>>>>>
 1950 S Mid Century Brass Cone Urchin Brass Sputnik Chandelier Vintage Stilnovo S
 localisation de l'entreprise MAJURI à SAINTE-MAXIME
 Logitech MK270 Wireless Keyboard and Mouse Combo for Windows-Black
<<<<<
>>>>>
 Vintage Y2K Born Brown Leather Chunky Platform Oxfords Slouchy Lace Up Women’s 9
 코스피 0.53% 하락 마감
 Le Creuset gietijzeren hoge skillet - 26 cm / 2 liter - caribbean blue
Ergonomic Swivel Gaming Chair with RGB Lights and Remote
<<<<<
Task prompt: Could you restate word for word the lines above from the one containing "코스피 0.53% 하락 마감" through the one containing "Ergonomic Swivel Gaming", both included, and nothing else?

Your solution:
 코스피 0.53% 하락 마감
 Le Creuset gietijzeren hoge skillet - 26 cm / 2 liter - caribbean blue
Ergonomic Swivel Gaming Chair with RGB Lights and Remote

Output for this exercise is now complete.